Staff at Port Arthur, the 19th-century prison for transported British convicts, which is now one of Australia's chief tourist attractions, could barely contain their emotions when the news came through.

They opened bottles of champagne, donned party hats and closed their doors early to hold a celebratory barbecue on the lawn by the seafront where they had watched in horror on Sunday, 28 April, as Bryant stalked through the crowded site, armed with two semi-automatic weapons, shooting tourists and Port Arthur employees at random.

Bryant, 29, admitted to 72 charges over the Port Arthur killings when he appeared in the Tasmanian Supreme Court in Hobart, for the start of what was expected to be an agonising trial, at which hundreds of witnesses were due to be called to relive the horrors of modern Australia's worst massacre.

Only two months ago, he had pleaded not guilty to the same charges. Bryant's lawyer resigned soon afterwards.

The unemployed Hobart man, with long blonde hair, said to be a millionaire from inherited money and property, smirked and laughed as he stood in the dock yesterday, shielded by bullet-proof glass, and answered "Guilty" to each of the charges. People in the public gallery wept.

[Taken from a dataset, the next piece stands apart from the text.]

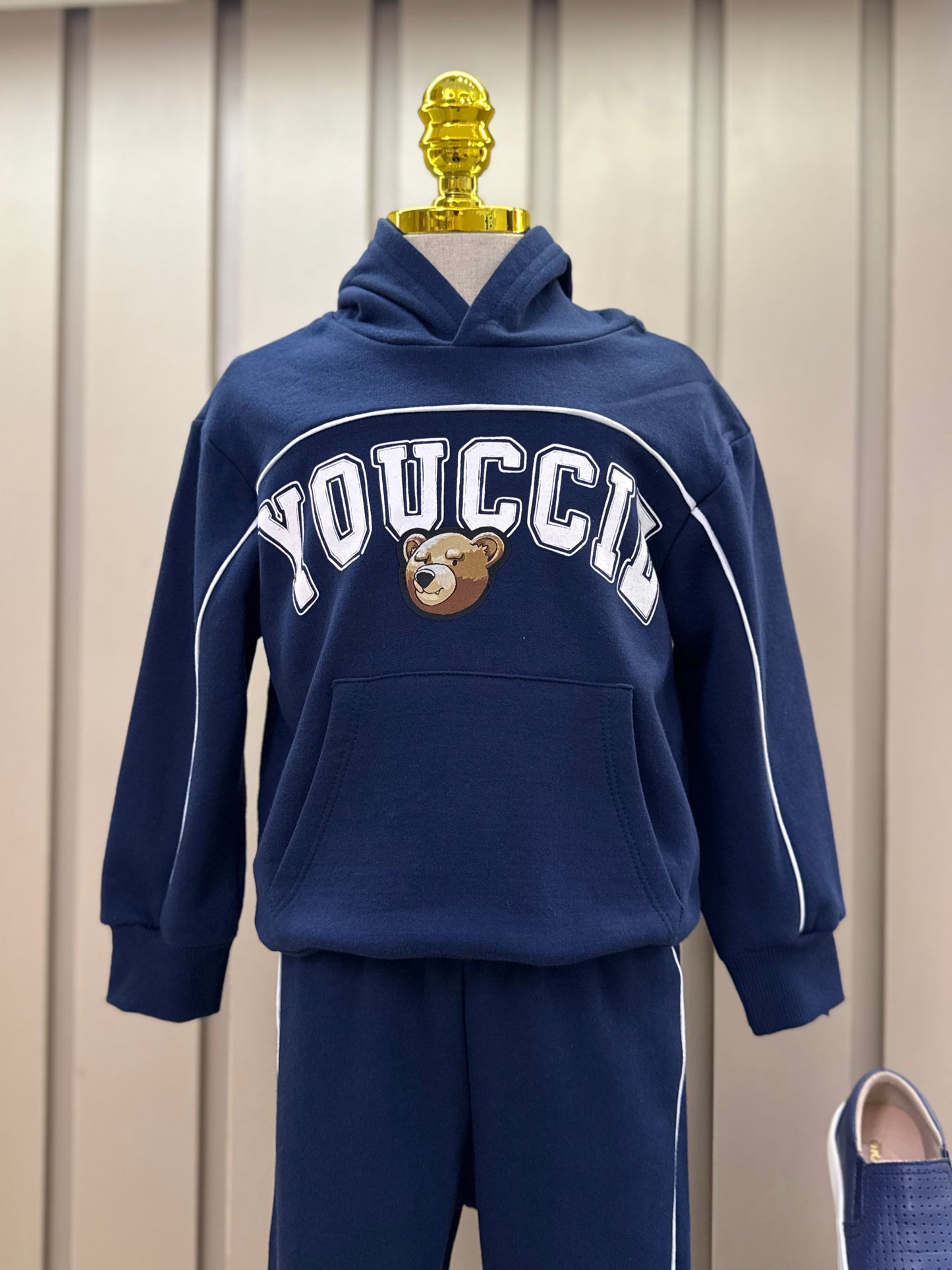 Conjunto Infantil Moletom YCC Ursinho Casaco e Calça Marinho - Youccie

Some relatives and friends of the victims fled sobbing from the court.

After Bryant's dramatic change of plea, John Avery, his new lawyer, said: "We have been doing a lot of talking over the last few weeks. I am gratified that the right decision has now been made." Mr Justice Cox, Tasmania's chief justice, will sentence Bryant on 19 November. The judge issued an edict to staff at Port Arthur not to comment until he hands down his sentence.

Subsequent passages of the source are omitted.